Paramedikolan arkadaşımın ise atama puanları, kontenjanların dolu olması vs. derken durumu mühendis olan arkadaşımdan daha da vahim. Atanması için en az KPSS’den 90 puan alması lazım. Kızcağız özel hastanelere iş başvurusunda bulunuyor referans isteniyor. Kısacası özel sektörde çalışması için bile torpil gerekiyor. Torpil yoksa yurt dışı var deyip gideceğini söylüyor!
İki farklı meslek grubu da mesleklerini yapamadıklarından dolayı yurt dışına gitmek istiyor. Kurtuluşu başka ülkelerde arıyor. Size ne anımsatıyor bilmiyorum ama bana “Estonya Feribotu Sendromu”nu hatırlattı.
1994’te Estonya’nın başkenti Tallinn’den İsveç’in başkenti Stockholm’e giden bir feribot Baltık Denizi’nde batar. Denizcilik tarihinin en büyük facialarından biri gerçekleşir. Bu facianın yaşanmasındaki ilginç öyküsü ise 989 kişilik feribottan 137 kişinin gemiden atlayarak kurtulması. Geriye kalan 852 kişinin ise kaptanın “panik yapmayın dünyanın en güçlü feribotundasınız” sözlerine güvenerek suya gömülüp hayatlarını kaybetmesidir.

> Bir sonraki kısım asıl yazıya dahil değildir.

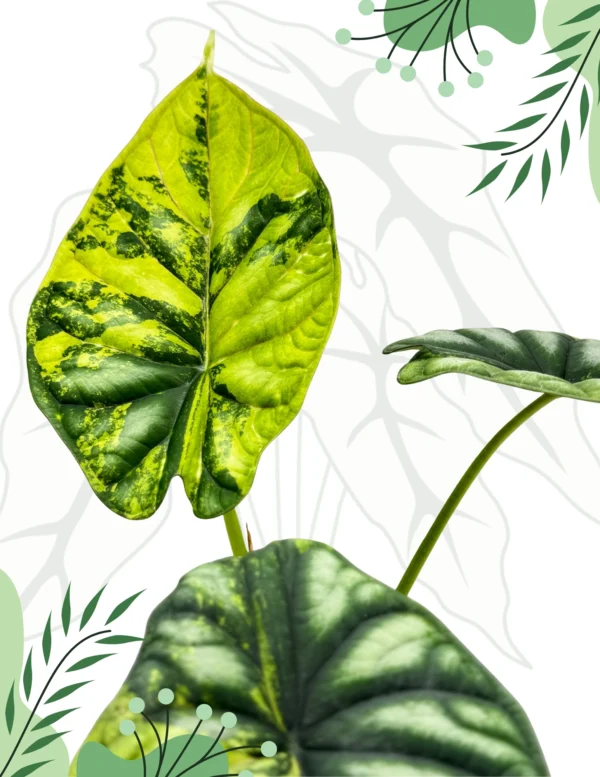 Alocasia Dragon Scale Variegata Ø-9cm H-20cm - obrazek 5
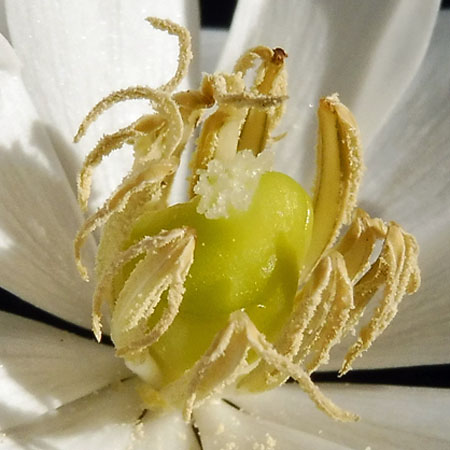 Jeffersonia diphylla, Twinleaf - flower, close up, anther flaps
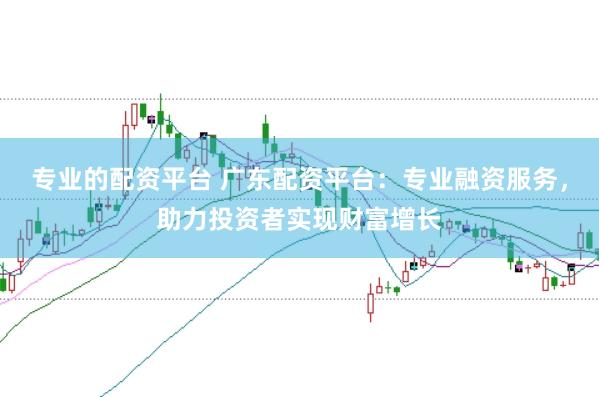 专业的配资平台 广东配资平台：专业融资服务，助力投资者实现财富增长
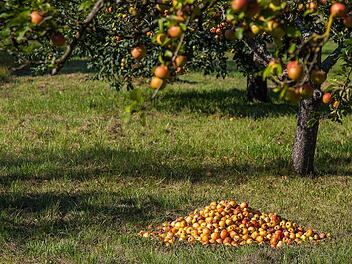 Gartenpflege zum Herbstanfang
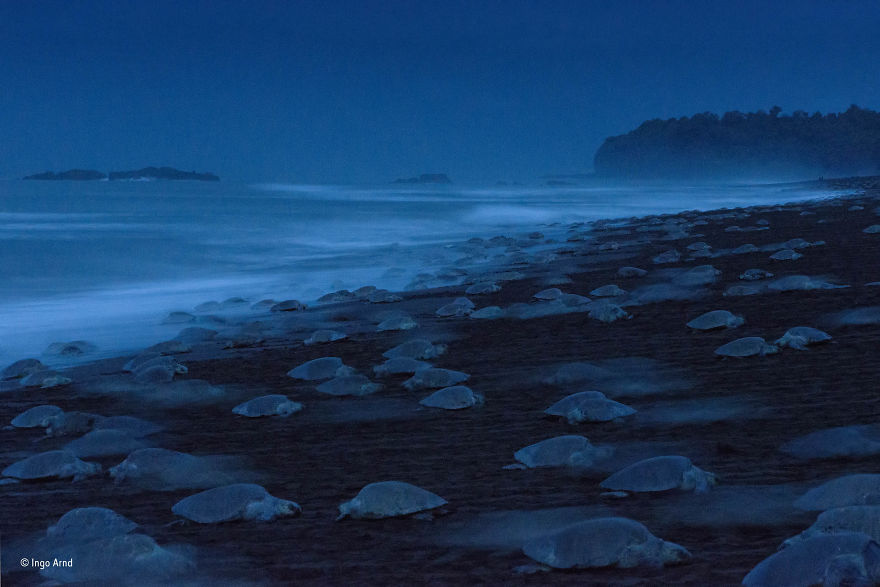 'Night Of The Turtles' By Ingo Arndt, Germany, Behaviour: Amphibians And Reptiles Finalist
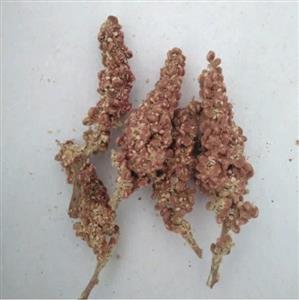 سماق خوشه ای  قهوه ای نیم کیلویی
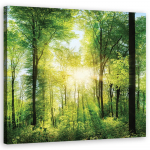 L&otilde;uenditr&uuml;kk Sunshine Forest Nature 30x30 roheline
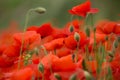 Field of red poppies on a cloudy day Royalty Free Stock Photo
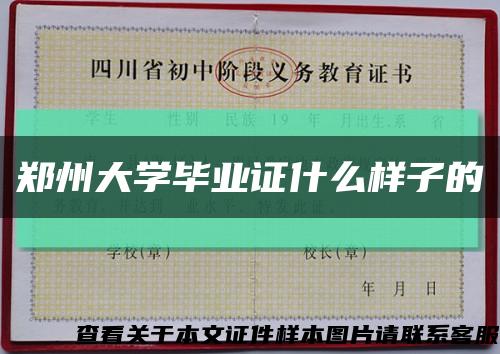 郑州大学毕业证什么样子的缩略图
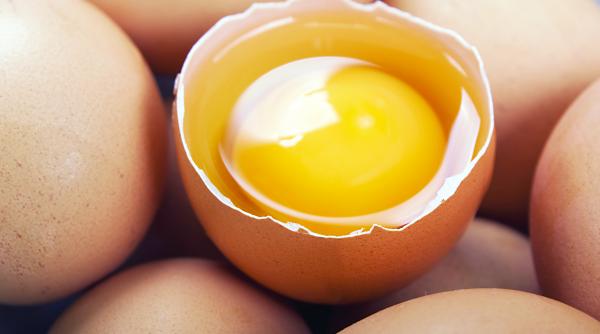 o tona de galbenus de ou contaminat cu fipronil confiscata in romania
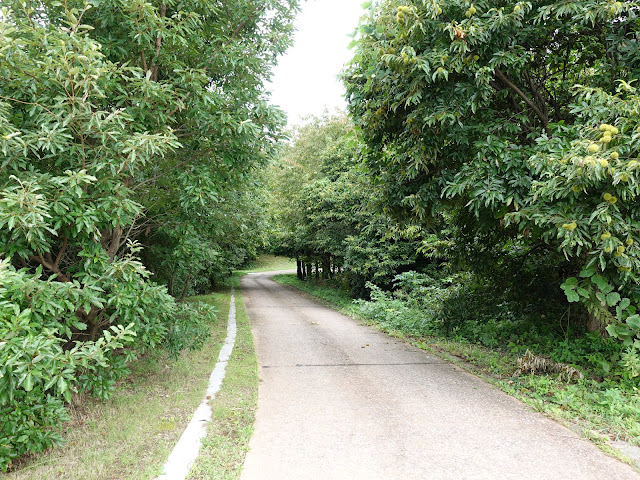 むきばんだ史跡公園の弥生のムラ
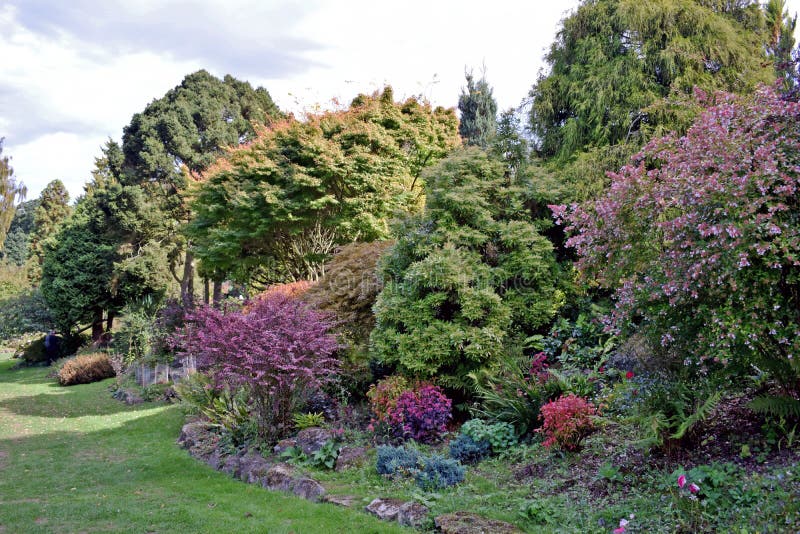 A lush green lawn with a very good stocked hedgerow full of plants, flowers ,shrubs and trees of all different sizes, shapes and colours, there are greens, blues , purples and reds altogether to make this beautiful landscape garden scene . A lush green lawn with a very good stocked hedgerow full of plants, flowers ,shrubs and trees of all different sizes, shapes and colours, there are greens, blues , purples and reds altogether to make this beautiful landscape garden scene .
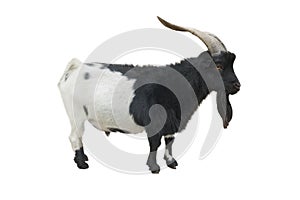 Goat cameroonian photo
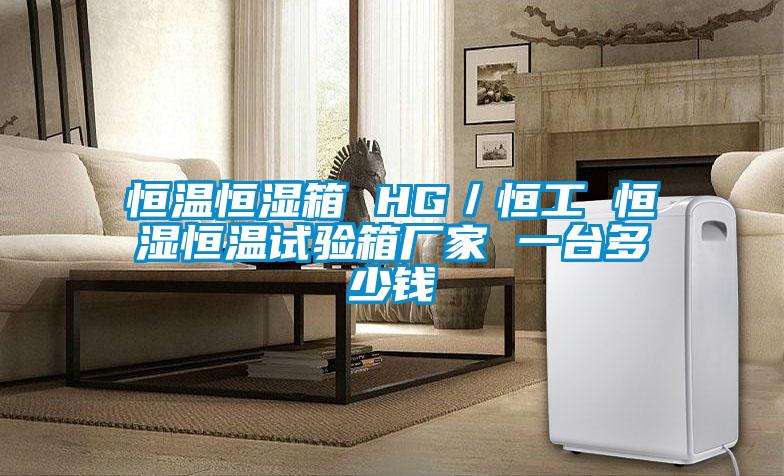 恒溫恒濕箱 HG/恒工 恒濕恒溫試驗箱廠家 一臺多少錢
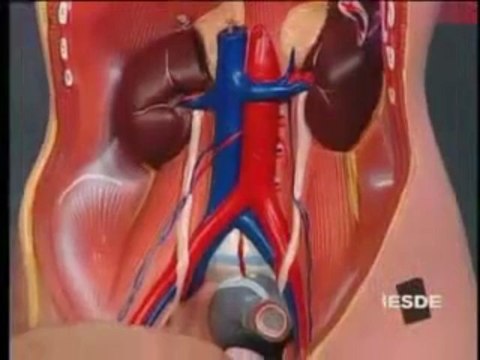 BIOLOGIA AULA 19 SISTEMA URINÁRIO Parte 1 - YouTube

Şimdi gemiyi ülke olarak, atlayanları yurt dışına çıkmış insanlarımız olarak ve geminin için de kalanları da mühendis ve Paramedik olan arkadaşları düşünün. Olay netleşti değil mi? Şu an gemi su alıyor, kaptan ne yapıyor?
Bu geminin kaptanı 84 milyonun ta kendisidir. Gemiyi kıyıya güvenli bir şekilde yanaştırmak ise hükümetin görevidir. Bu gençler cennet vatanımızın aydınlık gelecekleridir.
Türk gençlerinin ne işi var elin yediğini içtiğini toplamakla? Gençlerin hayallerini ötelemek yerine daha iyi yaşam standarttı sunmak vatana en büyük hizmet olacaktır.